04 September 2008

Der letzte Tag

(WZ-Kolumne)

Alle Ups und Downs geben sich nochmal die Ehre. Die Magenprobleme, die mich schon einmal für Tage ausgeschaltet hatten, kommen mit aller Heftigkeit zurück und mit ihnen alle überwunden geglaubten Zweifel (oder umgekehrt?). Die Angst davor, es vielleicht nun doch nicht zu schaffen. So kurz vor dem Ziel. Das Unbehagen beim Gedanken an Probleme und Verpflichtungen, die zu Hause auf mich warten. Aber so krank kann ich gar nicht nach Hause! Nur weiter geht auch nicht. Nichts geht.
Ich kann mich kaum noch auf den Beinen halten. Die 20 Kilometer bis nach Santiago zu schaffen, scheint mir unmöglich. Finisterre zu Fuss? Schon lange ausser Diskussion. Am Ende meiner Kräfte interessiert es mich sowieso kaum noch, wann und ob ich wo ankomme. Ich will bloss gesund werden. Bitte nur liegen. Nur warten.

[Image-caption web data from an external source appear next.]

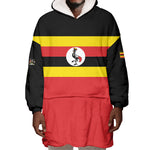 Uganda Flag Stylized Wearable Blanket Hoodie Jamhuri ya Uganda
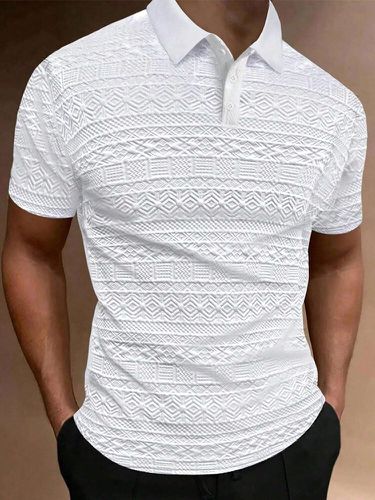 Chemises de golf décontractées à manches courtess, motif géométrique texturé - Newchic - Modalova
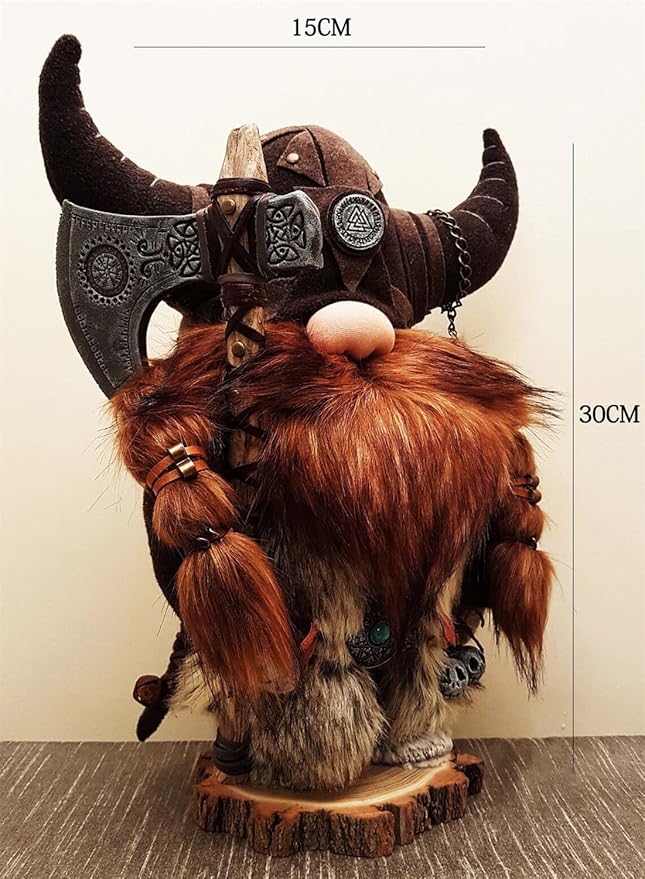 Halloween Special - Viking Warrior Gnome Doll, Fall Farmhouse Gnome Plush Decor Indoor, Nordic Gnomes Decorations for Home, Handcrafed Cute Scandinavian Style Gnomes for Kitchen Table Ornaments (A)…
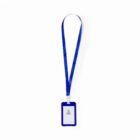 Blue lanyard with a blank ID card holder against a white background.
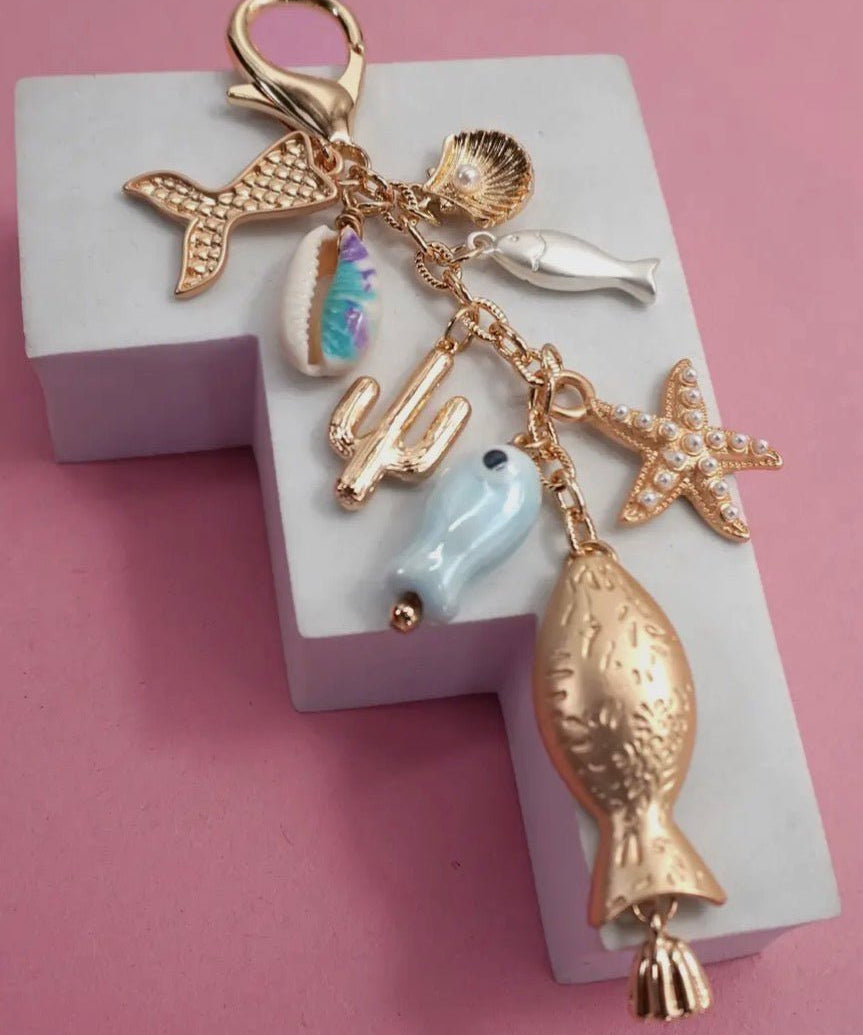 Bag Charm - Sea Life Porcelain Fish Star Fish Fin - Blue Sky Fashions & Lingerie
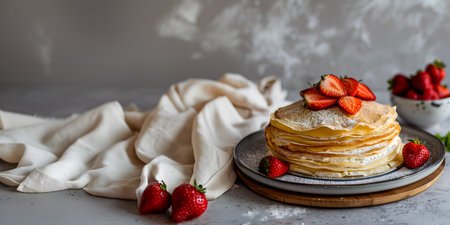 Creative food template. Stack of crepes pancake pastry dessert with strawberry fruit scattered over linen tablecloth concrete stone rustic background. copy text spaceの写真素材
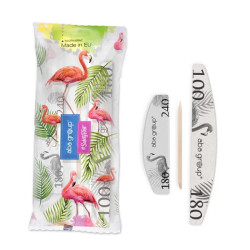 Aba Group - Bezpieczny PAKIET ZESTAW 4 pilnik + mini polerka 180/240 + patyczek drewniany PÓŁKSIĘŻYC 100/180 STANDARD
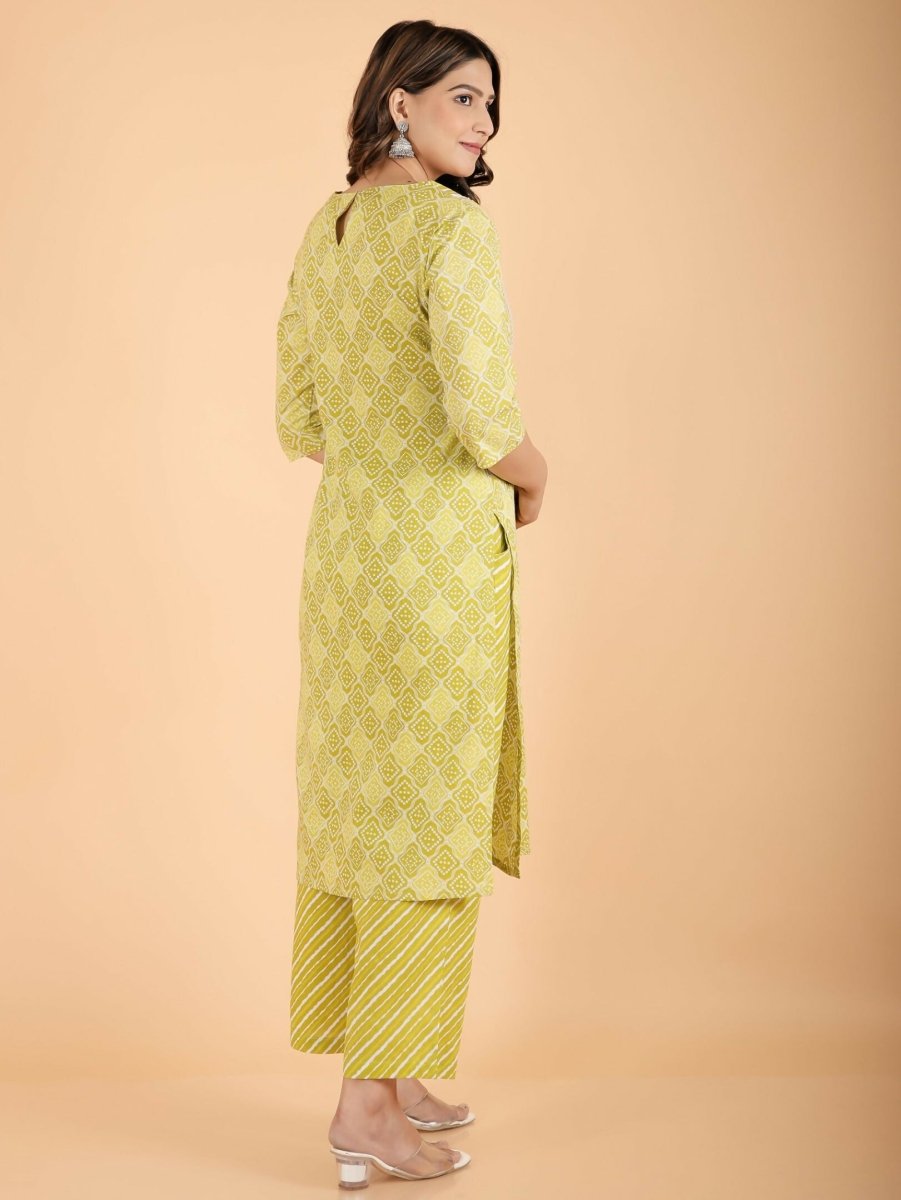 Aramya Green Soft Cotton Geometric Print Straight Kurta Set for Women | Grocsy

Am nächsten Morgen geht es besser, doch mir scheint, ich habe alle Kräfte, die ich auf dem Weg gewonnen hatte, in diesen paar Stunden wieder verloren. Aber ich will gehen. Und so geht es.
Mein geschundener Körper kommt langsam wieder in die Gänge und auf einmal fühlt es sich an, als ob nie etwas gewesen wäre. Ob das die Vorfreude macht? Schon sehe ich Santiago vom Monte do Gozo aus vor meinen Füssen liegen. So steht es jedenfalls in meinem Führer. Aber nein, das kann doch nicht sein! Das muss irgend eine andere Stadt sein. In diesem Glauben gehe ich weiter bis ich das Ortsschild sehe. Da überwältigt es mich wie andere wohl erst vor der imposanten Kathedrale. Neben mir rauschen Autos und Lastwagen vorbei, ich weine vor Freude.